Can Cannabidiol Benefit Heroin Abusers?

The use of cannabidiol (CBD) could effectively treat patients with heroin addiction, mitigating their cravings and anxiety, according to the findings of a study published in The American Journal of Psychiatry.

“The intense craving is what drives the drug use,” said Yasmin Hurd, lead researcher on the study and director of the Addiction Institute of Mount Sinai, in a CNN article. “If we can have the medications that can dampen that [craving], that can greatly reduce the chance of relapse and overdose risk.”

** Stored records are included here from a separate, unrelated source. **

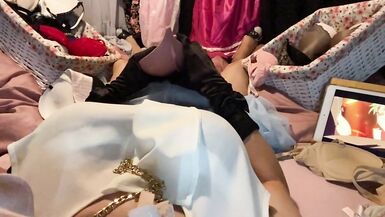 Masturbation of Transvestite with Bra On, Sniffing Bras, Fucking Bras & Cum in Bra POV 5 - 15 image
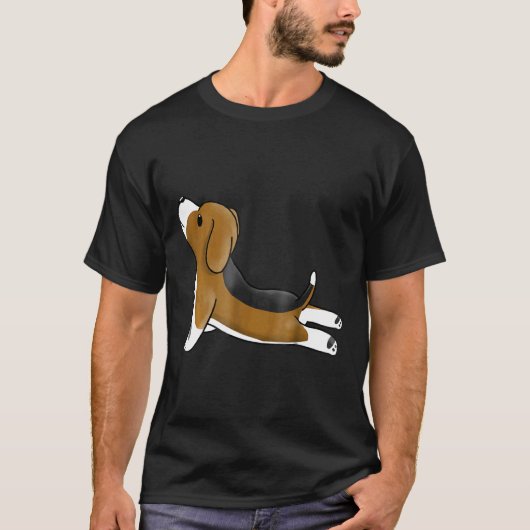 Beagle-Yoga-Hund T-Shirt (Vorderseite)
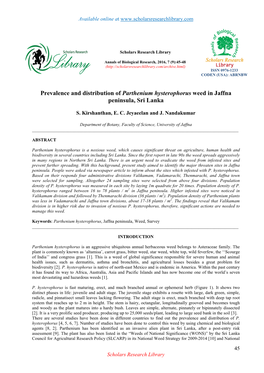 Prevalence and Distribution of Parthenium Hysterophorus Weed in Jaffna Peninsula, Sri Lanka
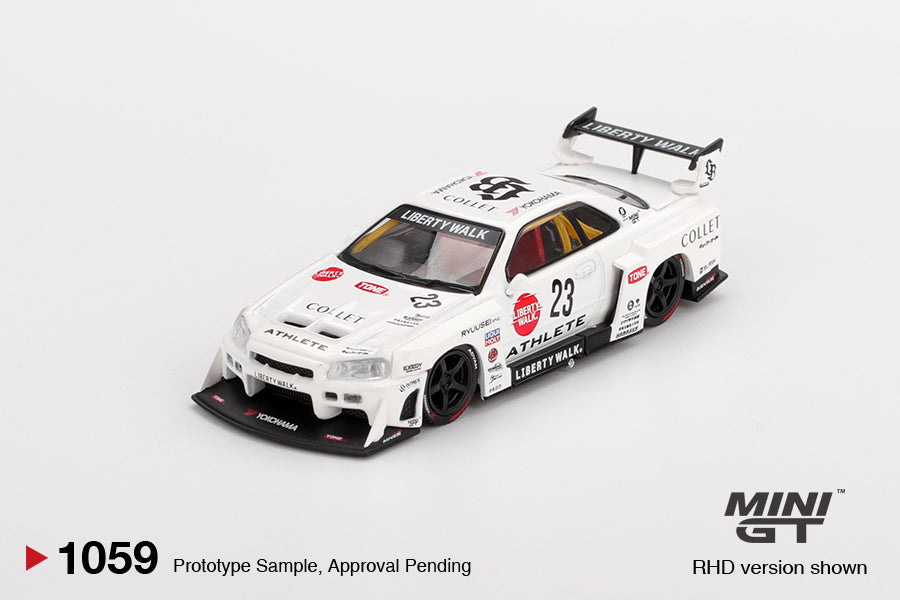Mini GT #1059 - Nissan LB-ER34 Super Silhouette ATHLETE/COLLET, white | 1:64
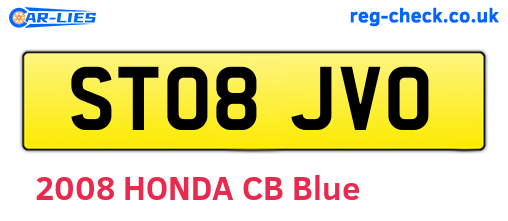 ST08JVO are the vehicle registration plates.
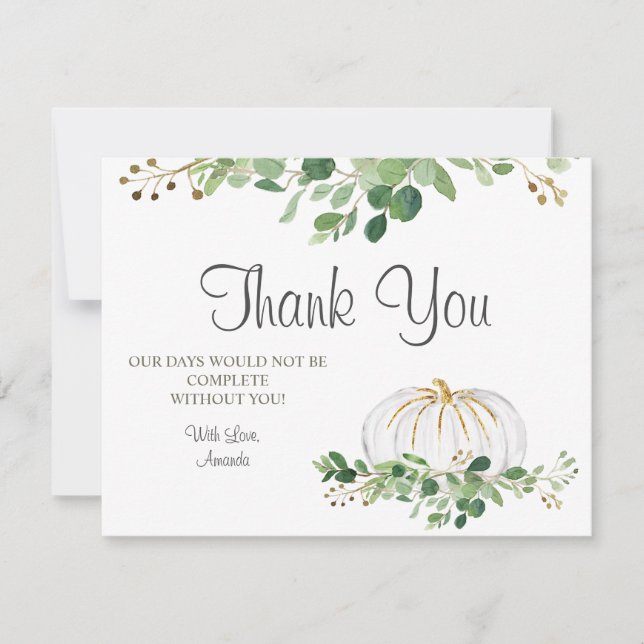 White Pumpkin Greenery Floral Baby Shower Thank You Card (Front)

In this double-blind, placebo-controlled, randomized clinical trial, researchers evaluated the acute (over one to two hours, and 24 hours), short-term (three consecutive days), and long-term (seven days subsequent to the last of three consecutive daily administrations) effects of CBD on drug-induced cravings and anxiety in drug-abstinent individuals with heroin use disorder. They enlisted 50 participants (aged between 21 and 65 years) via board-approved advertisements posted newspapers, social service organizations, half-way houses, and college campuses throughout New York City. Eight of the original participants were excluded due to voluntary withdrawal, positive drug tests, or health issues unrelated to the study drugs.

Of the 42 participants analyzed in this study, 78.6% preferred intranasal heroin use, and 83.3% reported currently using 10 bags of heroin daily. In reporting abstinence, 64.3% had refrained from heroin use for less than one month, 14.3% for one to two months, and 24.1% for two to three months. The average participant had been a heroin user for 13 years. The participants were arbitrarily designated to receive either 400/800 mg of CBD once daily for three consecutive days, or a placebo. Secondary measures of the study gauged participants’ positive and negative effect, cognition, and physiological status.

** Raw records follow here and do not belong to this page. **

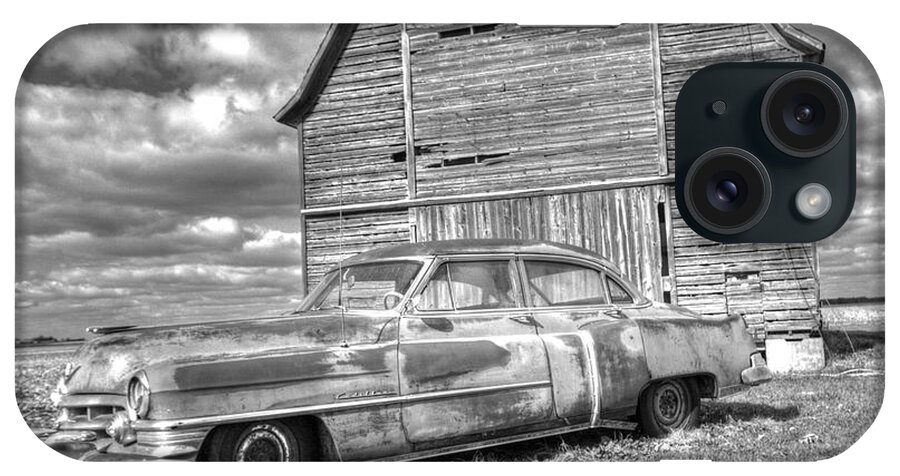 iPhone Case featuring the photograph BW - Rusty Old Cadillac by Peter Ciro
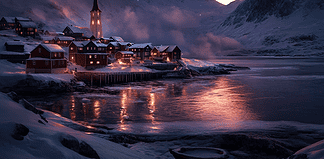 The Legend of Serafina: Guardian Spirit of the Ice Realm, Greenland Illustration of Greenland, a mythical realm inspired by Greenland, central to folklore.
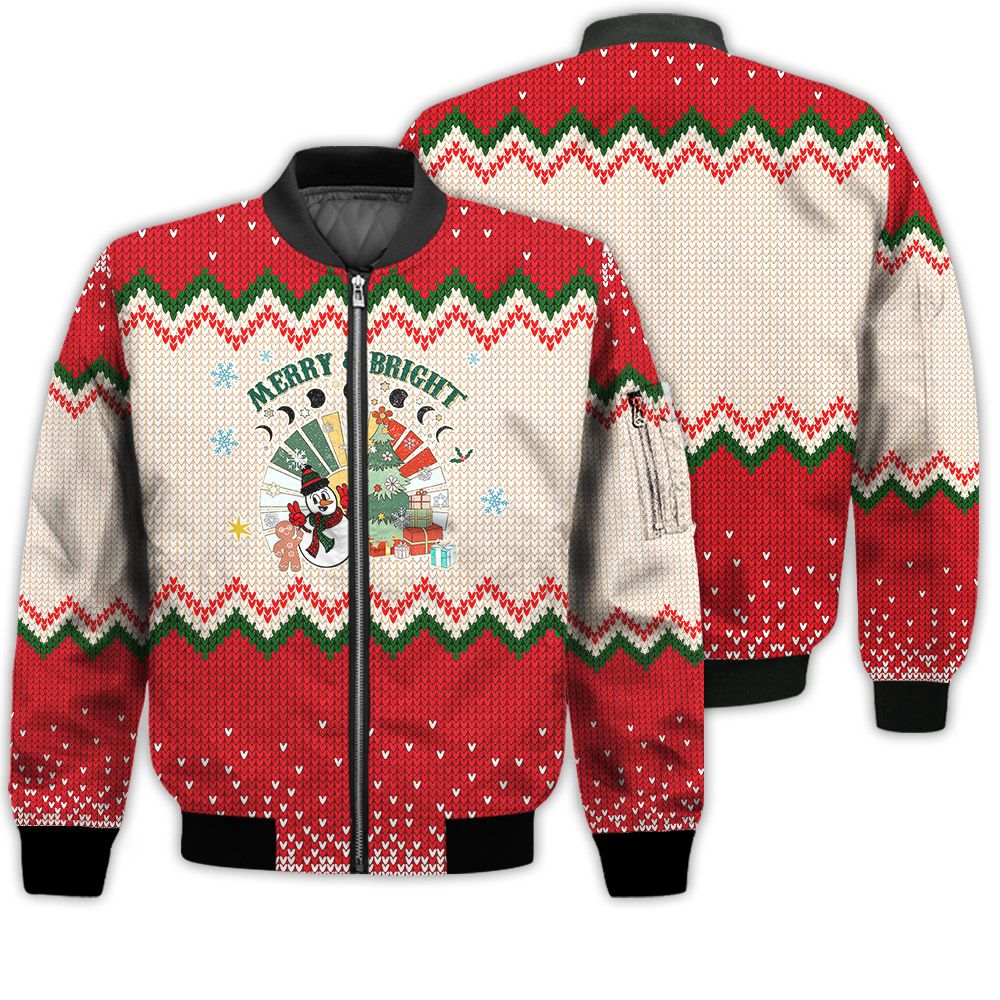 Merry Christmas Merry & Bright Retro Christmas Holiday Gifts Unisex 3D Bomber Bomber Jacket Merry Christmas Merry & Bright Retro Christmas Holiday Gifts Unisex 3D Bomber Bomber Jacket
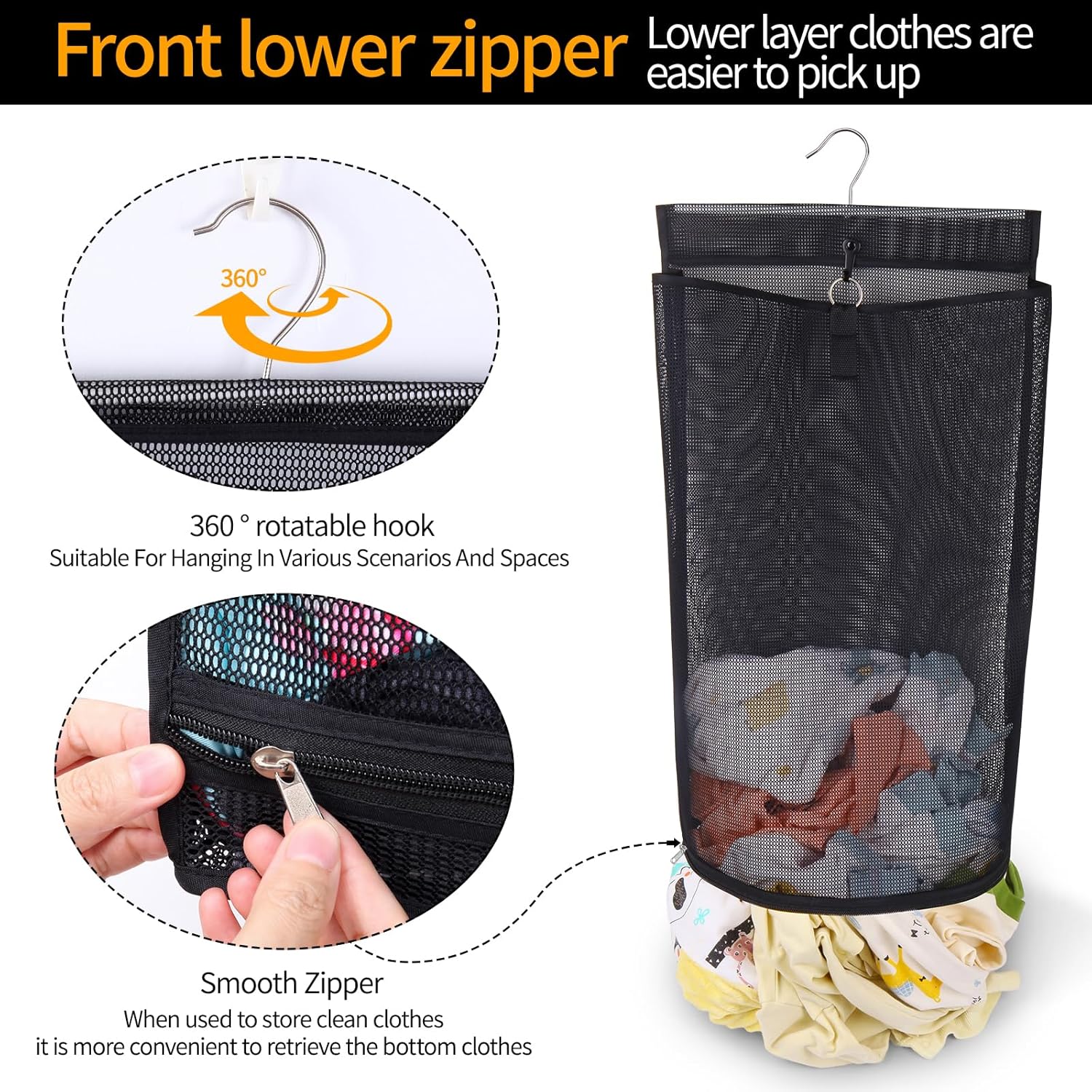 Hanging Collapsible Mesh Laundry Hamper - Breathable Fast Drying Laundry Bag, Space Saving Laundry Basket for Dorm, RV & Bathroom (Black)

Findings ‘Can Really Help Save Lives’

Results of the study indicated that acute CBD administration notably reduced cravings compared to placebo, and perceptibly reduced both craving and anxiety induced by the presentation of primary drug cues compared with neutral cues. Moreover, CBD also exhibited significant long-term effects on these measures seven days following the final short-term CBD exposure. Furthermore, CBD diminished the drug cue–induced physiological measures of heart rate and salivary levels. Overall, the study indicated no significant effects on cognition, and no serious adverse effects were reported.

“This is an extremely significant paper, said Dr. Julie Holland, a psychiatrist in New York and former assistant professor of psychiatry at the New York University School of Medicine, who was not involved in the study. “We need to utilize every possible treatment in helping people with chronic pain to find other ways to manage their symptoms and in people with opiate addiction to find relief.”

Dr. Holland also noted that CBD “not only manages the anxiety and cue/craving cycle, it also diminishes the original pain and inflammation that leads to opiate use in the first place,” adding that “it’s not addictive. No one is diverting it. It doesn’t get you high, but it can reduce craving and anxiety.”

Dr. Holland feels strongly about the positive implications these findings can have on heroin users, and she believes that ultimately, “this can really help save lives.”